Our first day there, as I said were dead tired. I had slept one hour. I woke up 6am Calgary time. We arrived in Italy at 11am local time (3am Calgary time). However, they wouldn’t just let us rest. No, they made the most of the money we paid by having a quick tour of the area around our hotel and our guide showed us restaurants we could eat at that were close to the restaurant which i found to be really nice and considerate of the guide to do that for us. She also bought us some gelato. So yummy! I was very happy even thought I was tired. We turned in early that night without dinner because we had to be up at 6am the next day to start off for the Colosseum. We were told that we would be getting a wake up call. It never came. Apparently the computer system responsible for that was broken…wow…okay…great job hotel, great job. Luckily my parents got us up in time.

Our hotel was located near the historical part of Rome therefore it wasn’t far for us to walk to the Colosseum. A word of warning: don’t take a picture with the gladiators wandering outside. They will charge you. And if you really want to take a picture with them, ask them how much they charge before you do get a picture otherwise they will charge you something ridiculous after like €40 and you can’t say no. Although I wonder if just deleting the picture will do it. Anyways, as beautiful as the Colosseum was, I couldn’t forget all that had happened there and it made me a bit sad to walk through there. I can’t imagine what it would have been like to have to fight. Especially for those poor unarmed Christians…

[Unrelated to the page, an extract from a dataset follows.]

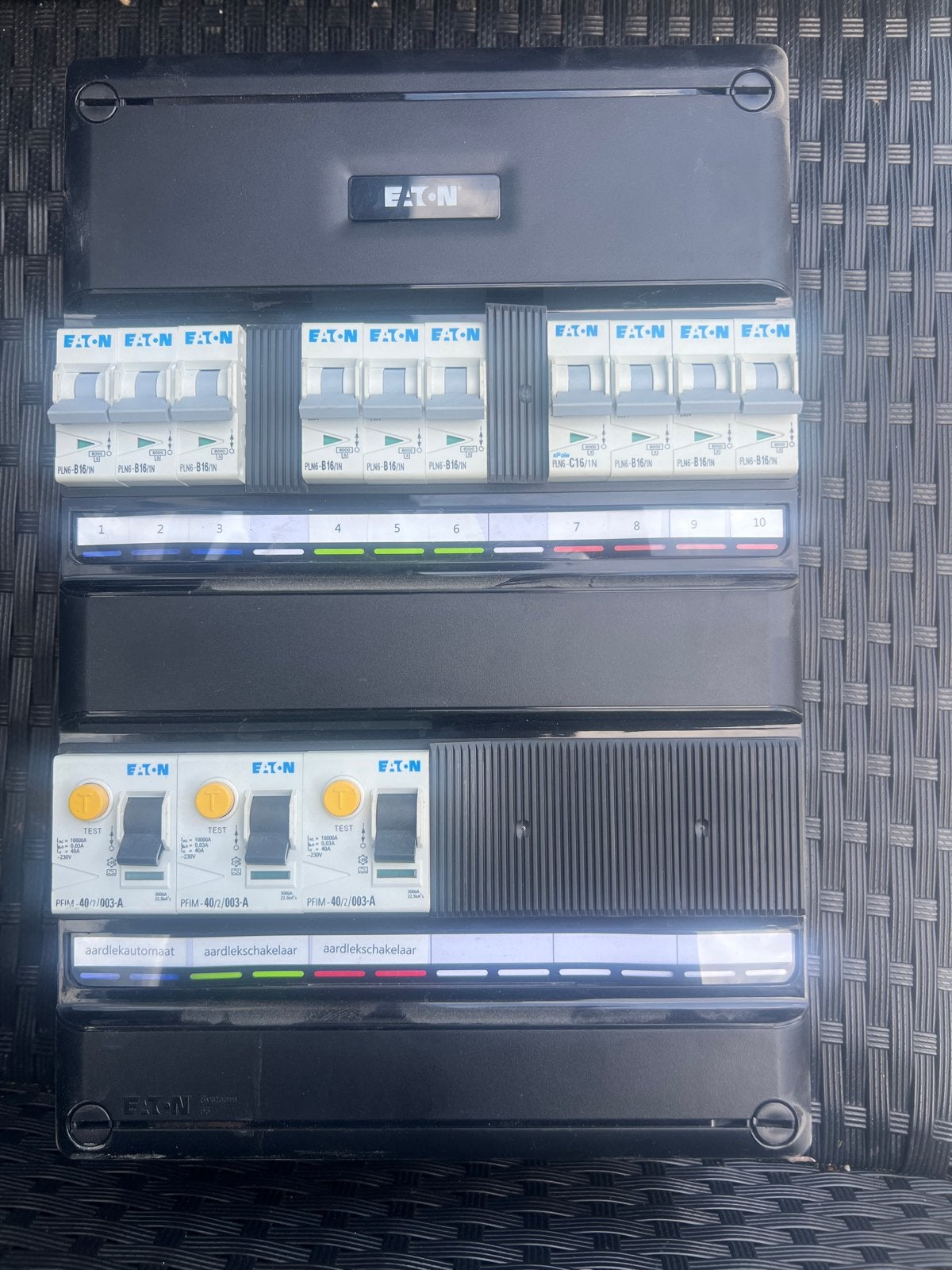 Complete Eaton Groepenkast met Aardlekschakelaars, Ophalen of Verzenden, Gebruikt, Eaton, Groepenkast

After the Colosseum we headed to the Roman Forum, which was also within walking distance. It was a pretty hot day to be walking around in the open air, but the greenery and flowers were beautiful. We got to see a lot of Roman Pagan Temples which were only preserved because of it’s conversion into a church when Roman Catholicism reigned supreme.

After that, they gave us the afternoon off to explore Rome on our own.

The next day we explored the religious side of Rome. Our first place to visit was the Vatican Museum which then led to the Sistine Chapel, From there we went to see San Pietro’s Basilica.

Again in the afternoon, we got free time to explore Rome.

Technically, after each of the excursions mentioned above there were additional excursions that we could go on, but by that time in the day we were all too tired to go on anymore and didn’t want to spend anymore money. I would have liked to have seen the opera, but as half my family was against it and were unwilling to pay €100 to go, I didn’t go either.

From there we headed to Civitavecchia, the port of Rome, where our cruiseship would set sail. Well, no, technically it had already picked up some passengers in Barcelona and then got here. I think it goes on a circuit, so you can get on in Barcelona or Rome/Civitavecchia depending on which one you want to spend a few days in or is closer or which ever city you like better.

Now here’s the unfortunately thing. The photographs I took for these three days is completely gone. There was a malfunction with my camera and I lost all 130ish pictures. I’m really mad and sad at this, but at least my sister’s got some of the pictures.